■ **Assignment**: Your answer must be the records below repeated word for word, with no pictures in it.

##### Records shown

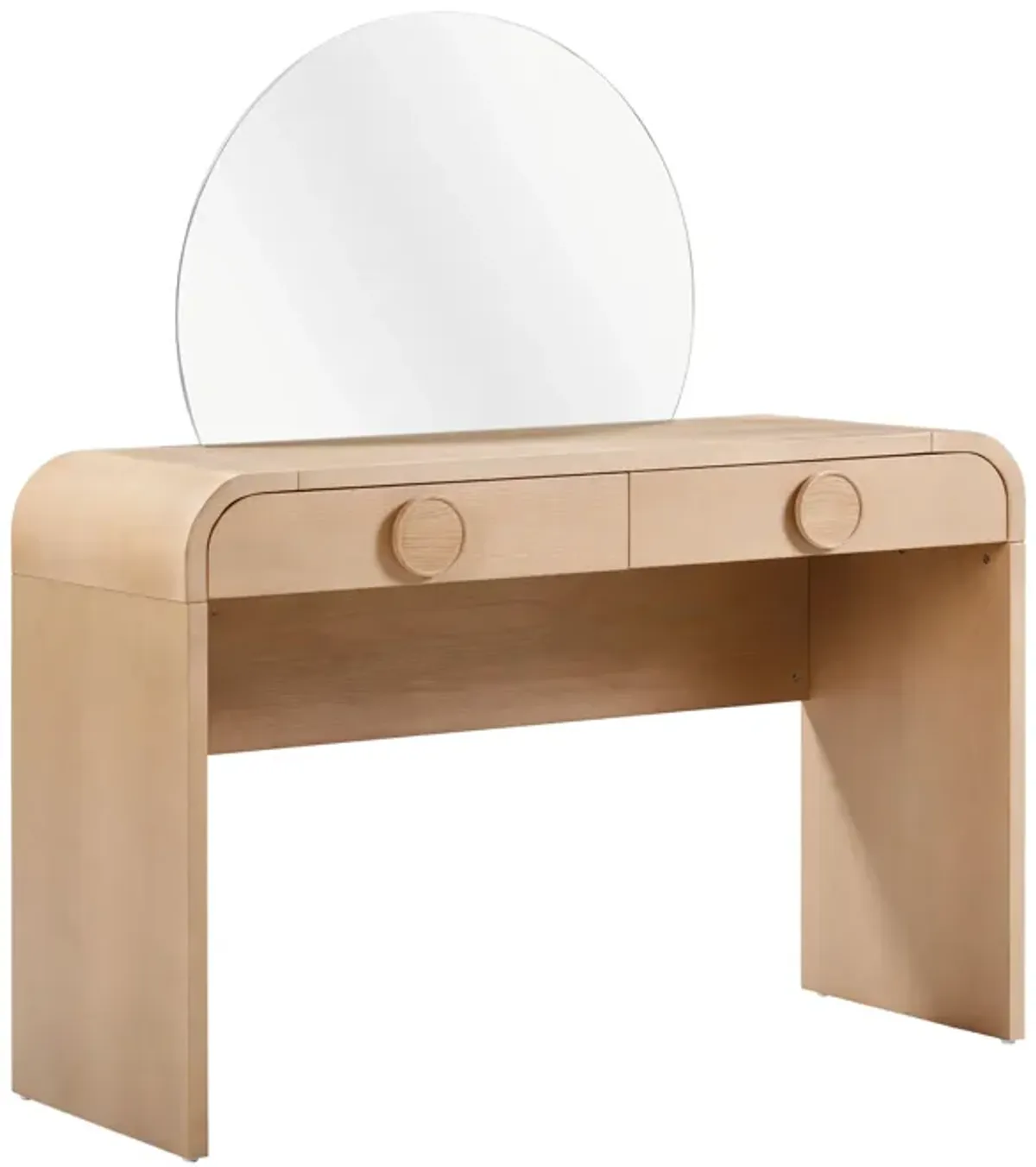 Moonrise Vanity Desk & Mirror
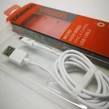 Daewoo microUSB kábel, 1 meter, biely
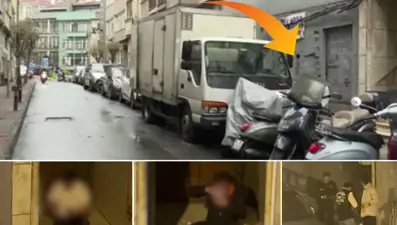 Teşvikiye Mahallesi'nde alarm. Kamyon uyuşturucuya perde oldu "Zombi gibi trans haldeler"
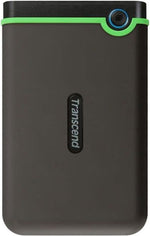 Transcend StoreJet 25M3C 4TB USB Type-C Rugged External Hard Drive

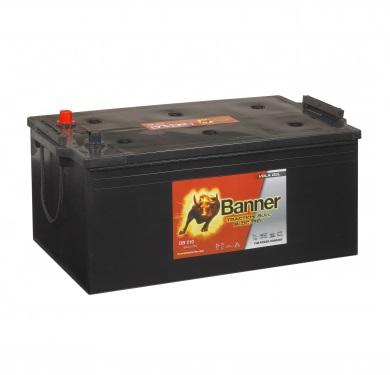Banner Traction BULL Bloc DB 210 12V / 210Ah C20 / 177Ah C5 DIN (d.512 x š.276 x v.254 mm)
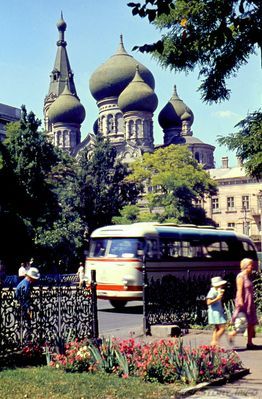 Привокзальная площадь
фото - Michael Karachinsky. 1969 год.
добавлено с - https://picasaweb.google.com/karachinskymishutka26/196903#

##########

■ **Solution to this exercise**:
 Moonrise Vanity Desk & Mirror
 Daewoo microUSB kábel, 1 meter, biely
 Teşvikiye Mahallesi'nde alarm. Kamyon uyuşturucuya perde oldu "Zombi gibi trans haldeler"
 Transcend StoreJet 25M3C 4TB USB Type-C Rugged External Hard Drive

Banner Traction BULL Bloc DB 210 12V / 210Ah C20 / 177Ah C5 DIN (d.512 x š.276 x v.254 mm)
 Привокзальная площадь
фото - Michael Karachinsky. 1969 год.
добавлено с - https://picasaweb.google.com/karachinskymishutka26/196903#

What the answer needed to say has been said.